— HOW TO COMPLETE THIS TASK —
Could you write out, exactly, every line from the top of the data through the line holding "STUSSY BASIC BOXER"? Omit the pictures.

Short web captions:

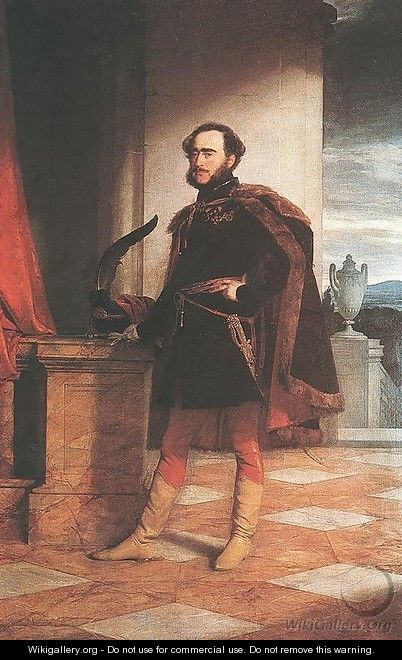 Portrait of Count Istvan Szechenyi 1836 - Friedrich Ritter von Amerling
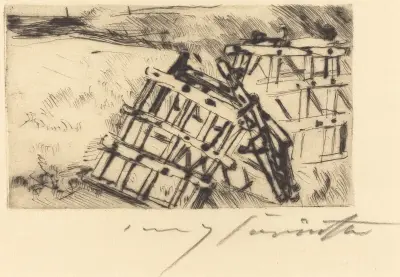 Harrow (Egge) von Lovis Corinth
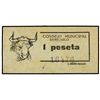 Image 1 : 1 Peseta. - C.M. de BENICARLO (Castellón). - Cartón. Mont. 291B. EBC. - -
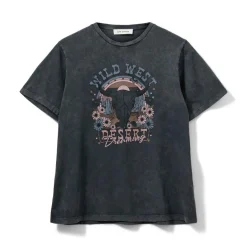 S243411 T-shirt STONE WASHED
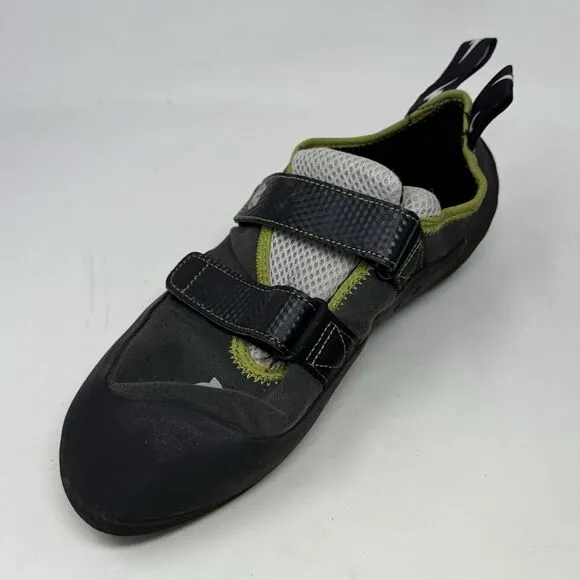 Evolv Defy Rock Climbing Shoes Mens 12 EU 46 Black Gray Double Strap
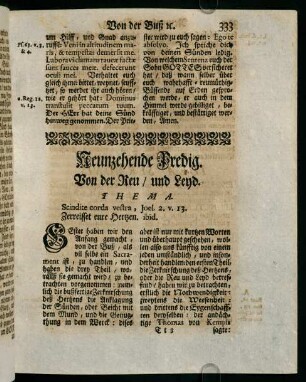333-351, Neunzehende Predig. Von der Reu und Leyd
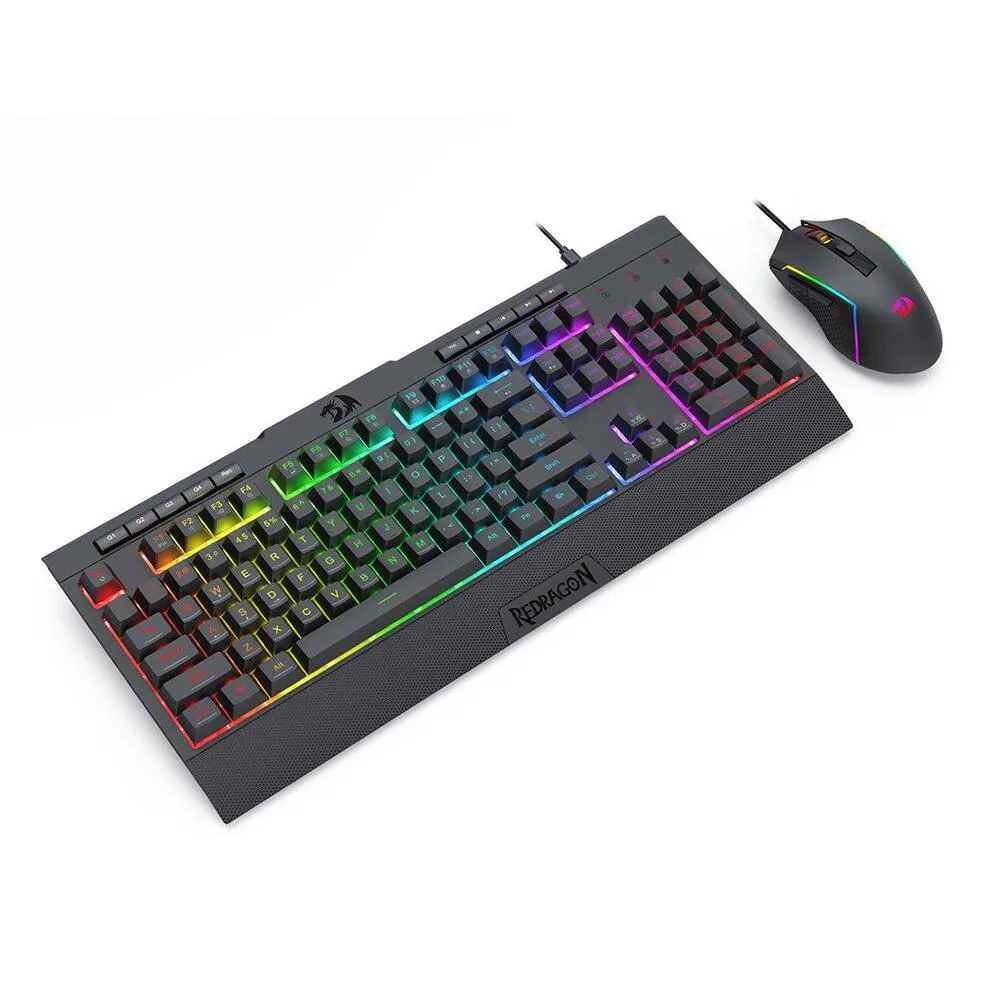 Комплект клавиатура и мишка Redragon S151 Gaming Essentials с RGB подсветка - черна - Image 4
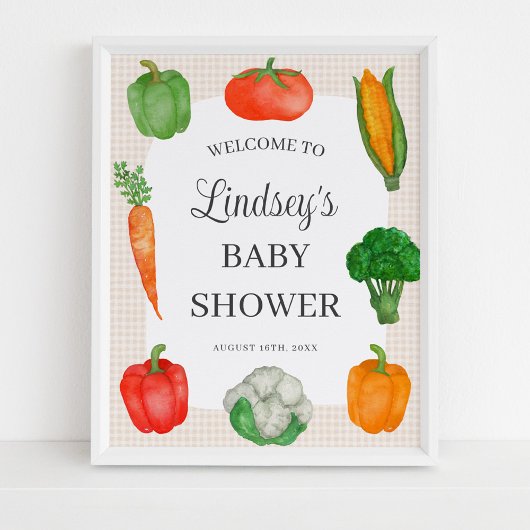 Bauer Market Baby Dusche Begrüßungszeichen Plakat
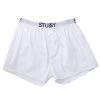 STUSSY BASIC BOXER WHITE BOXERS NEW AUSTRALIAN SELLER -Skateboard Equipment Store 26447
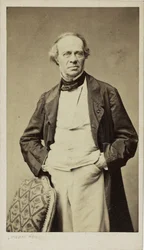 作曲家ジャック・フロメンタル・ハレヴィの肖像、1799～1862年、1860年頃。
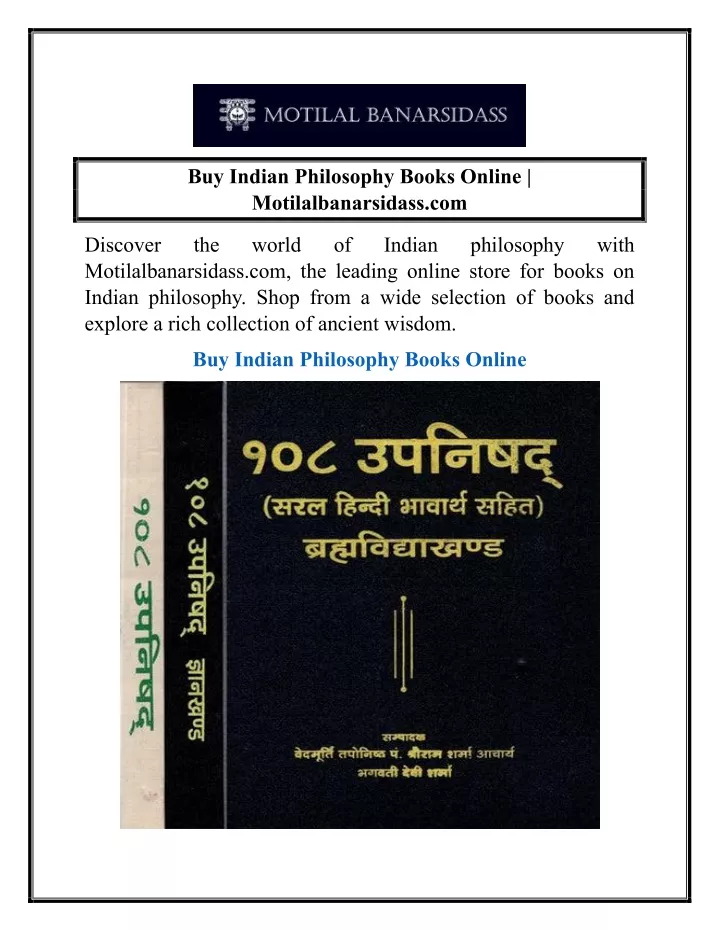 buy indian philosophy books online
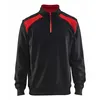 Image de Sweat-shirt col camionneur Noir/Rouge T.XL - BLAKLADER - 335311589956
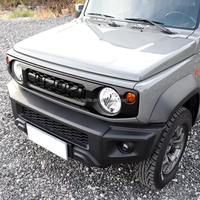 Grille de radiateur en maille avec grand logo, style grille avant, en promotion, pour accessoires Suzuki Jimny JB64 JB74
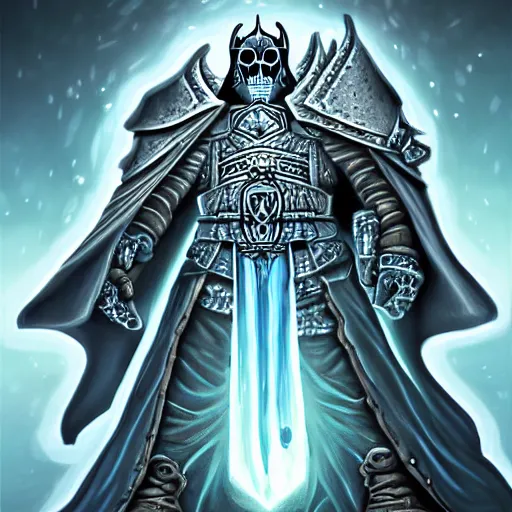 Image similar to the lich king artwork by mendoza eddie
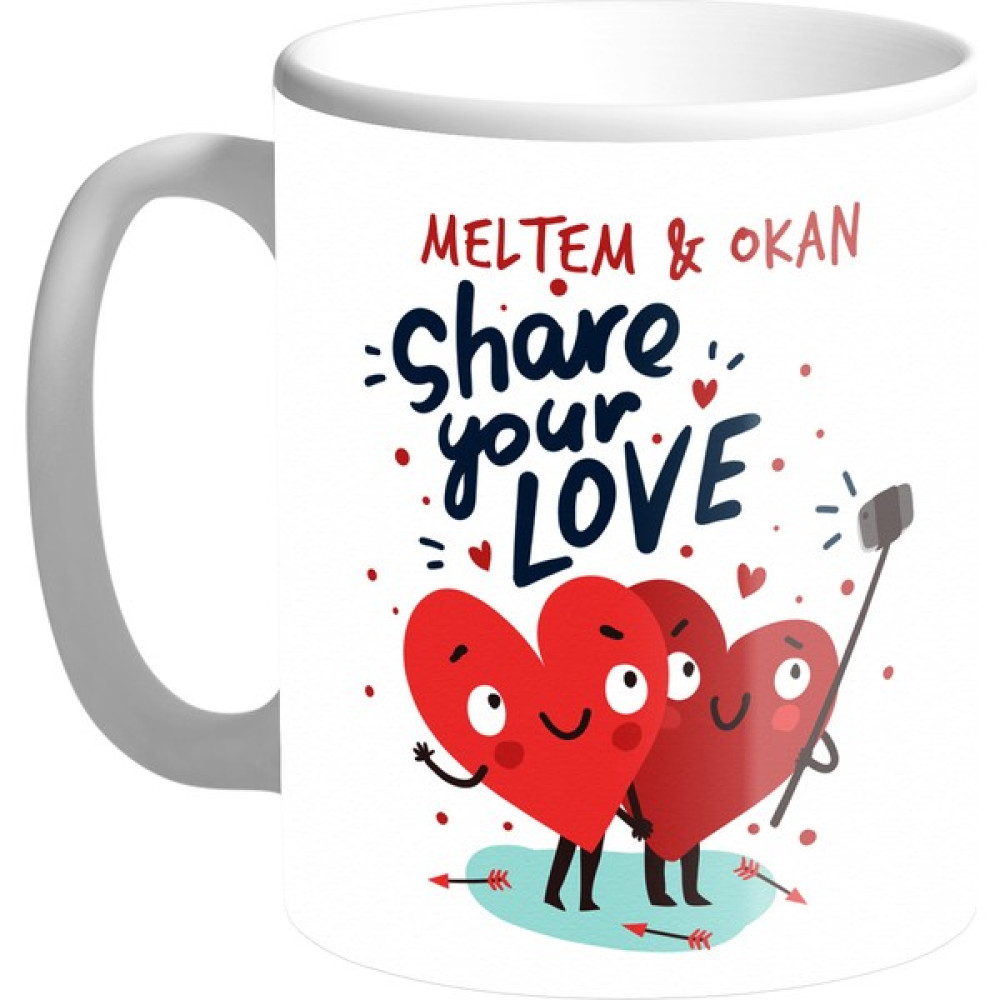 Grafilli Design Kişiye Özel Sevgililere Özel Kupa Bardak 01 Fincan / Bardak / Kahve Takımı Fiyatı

— WRITTEN SOLUTION —
 Portrait of Count Istvan Szechenyi 1836 - Friedrich Ritter von Amerling
 Harrow (Egge) von Lovis Corinth
 Image 1 : 1 Peseta. - C.M. de BENICARLO (Castellón). - Cartón. Mont. 291B. EBC. - -
 S243411 T-shirt STONE WASHED
 Evolv Defy Rock Climbing Shoes Mens 12 EU 46 Black Gray Double Strap
333-351, Neunzehende Predig. Von der Reu und Leyd
 Комплект клавиатура и мишка Redragon S151 Gaming Essentials с RGB подсветка - черна - Image 4
 Bauer Market Baby Dusche Begrüßungszeichen Plakat
 STUSSY BASIC BOXER WHITE BOXERS NEW AUSTRALIAN SELLER -Skateboard Equipment Store 26447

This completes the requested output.